Start of Data for this exercise

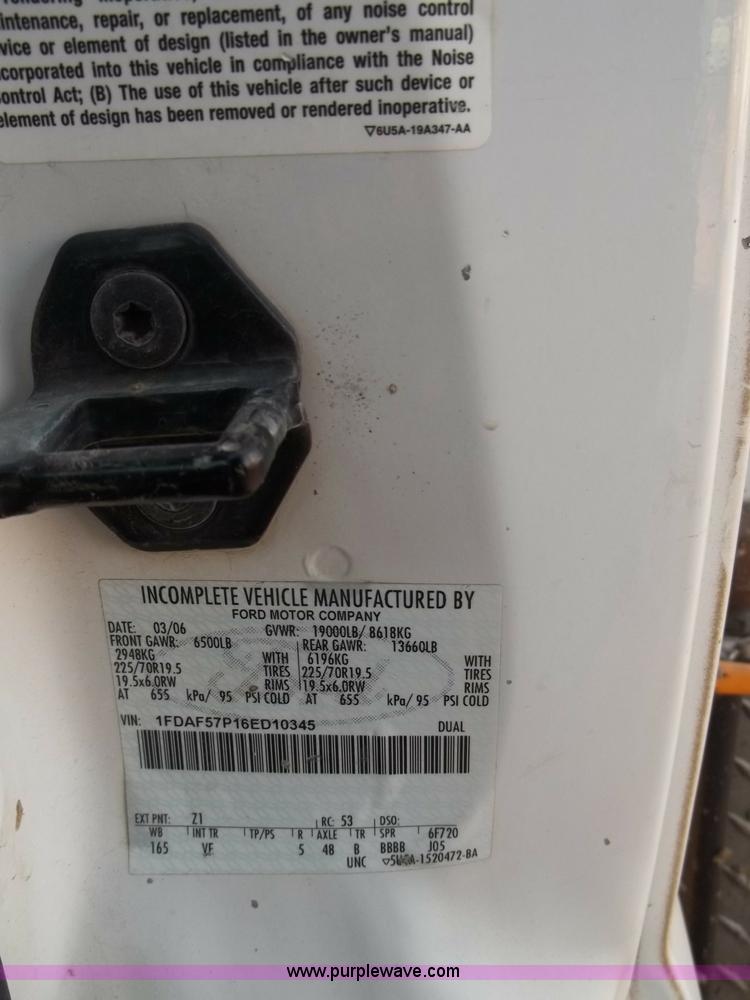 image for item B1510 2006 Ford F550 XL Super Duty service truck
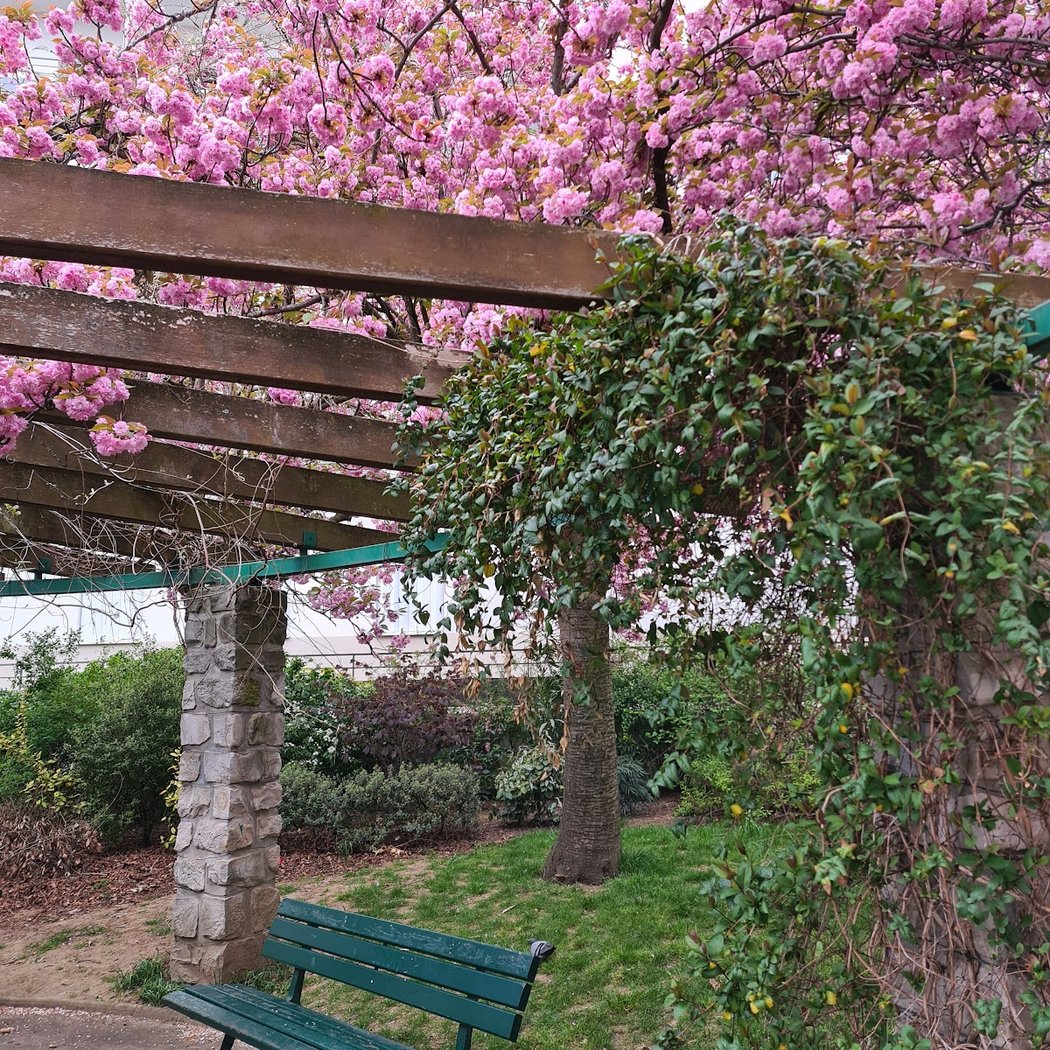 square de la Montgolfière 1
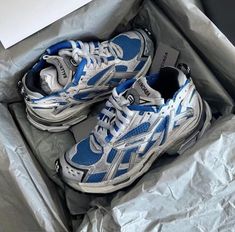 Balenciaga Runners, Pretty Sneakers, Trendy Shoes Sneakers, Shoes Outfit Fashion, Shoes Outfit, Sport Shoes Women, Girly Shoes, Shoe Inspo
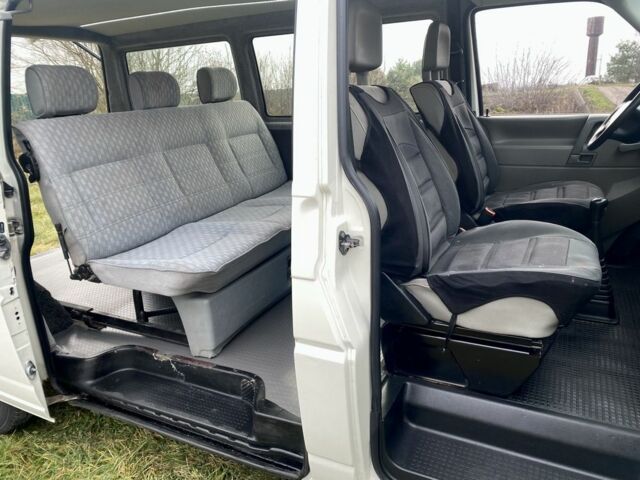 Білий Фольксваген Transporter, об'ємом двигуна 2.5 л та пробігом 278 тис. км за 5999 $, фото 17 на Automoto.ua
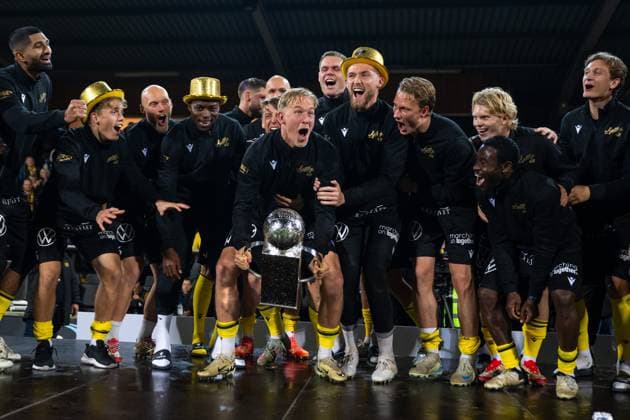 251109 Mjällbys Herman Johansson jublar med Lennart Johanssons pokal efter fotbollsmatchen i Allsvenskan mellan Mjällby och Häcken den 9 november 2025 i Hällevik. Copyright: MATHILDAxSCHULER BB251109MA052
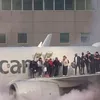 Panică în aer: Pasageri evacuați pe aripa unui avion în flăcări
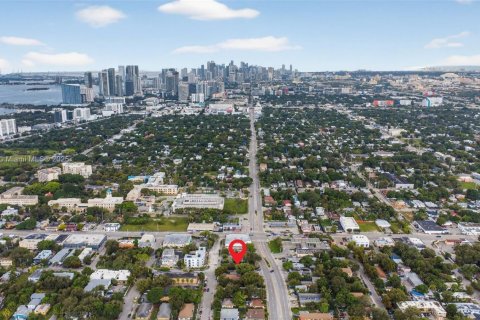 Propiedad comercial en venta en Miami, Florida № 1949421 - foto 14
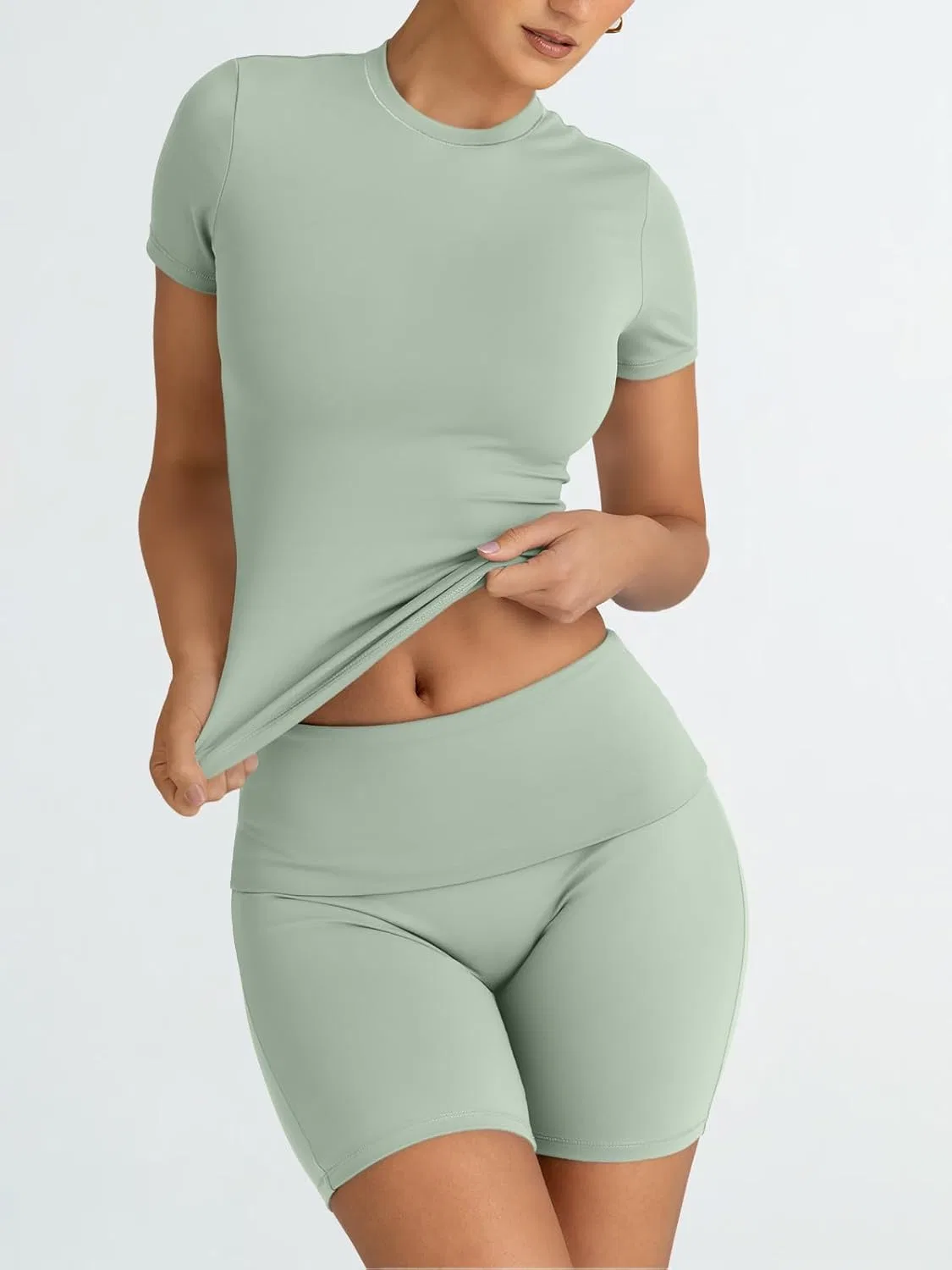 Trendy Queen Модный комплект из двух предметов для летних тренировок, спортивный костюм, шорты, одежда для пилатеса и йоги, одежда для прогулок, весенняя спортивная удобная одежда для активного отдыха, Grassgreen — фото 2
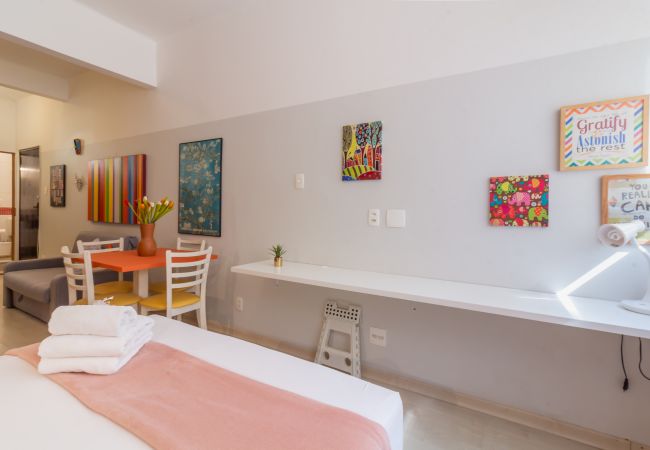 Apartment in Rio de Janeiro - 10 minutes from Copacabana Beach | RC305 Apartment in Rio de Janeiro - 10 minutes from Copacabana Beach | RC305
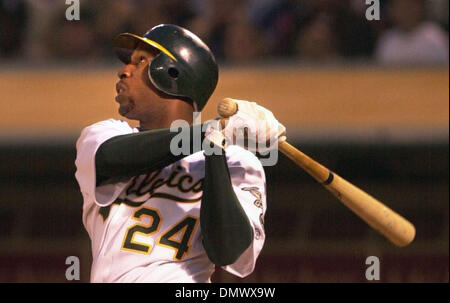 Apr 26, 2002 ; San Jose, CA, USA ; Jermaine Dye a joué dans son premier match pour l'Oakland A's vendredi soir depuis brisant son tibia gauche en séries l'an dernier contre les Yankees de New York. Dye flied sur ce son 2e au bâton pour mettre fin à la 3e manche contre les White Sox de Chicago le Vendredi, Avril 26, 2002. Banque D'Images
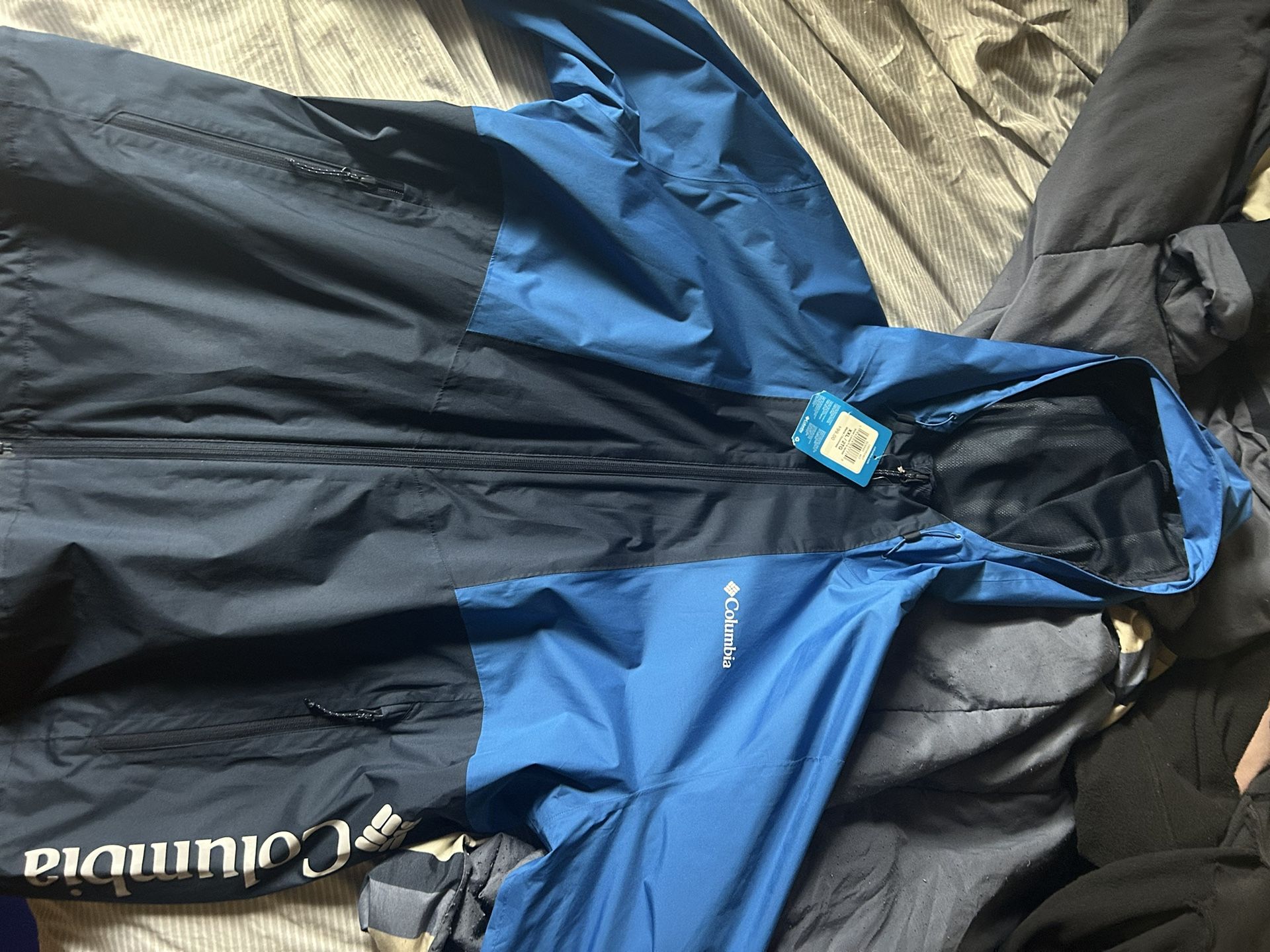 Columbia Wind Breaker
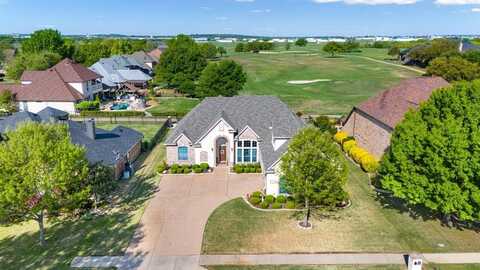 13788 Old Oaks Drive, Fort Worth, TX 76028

End of Data for this exercise

* **Instructions to follow**
Copy only what lies between the line with "Білий Фольксваген Transporter, об'ємом" and the line with "Trendy Queen Модный", those two lines included, exactly as given above; pictures stay out.

* **Solved problem**
 Білий Фольксваген Transporter, об'ємом двигуна 2.5 л та пробігом 278 тис. км за 5999 $, фото 17 на Automoto.ua
 251109 Mjällbys Herman Johansson jublar med Lennart Johanssons pokal efter fotbollsmatchen i Allsvenskan mellan Mjällby och Häcken den 9 november 2025 i Hällevik. Copyright: MATHILDAxSCHULER BB251109MA052
 Panică în aer: Pasageri evacuați pe aripa unui avion în flăcări
 Propiedad comercial en venta en Miami, Florida № 1949421 - foto 14
 Trendy Queen Модный комплект из двух предметов для летних тренировок, спортивный костюм, шорты, одежда для пилатеса и йоги, одежда для прогулок, весенняя спортивная удобная одежда для активного отдыха, Grassgreen — фото 2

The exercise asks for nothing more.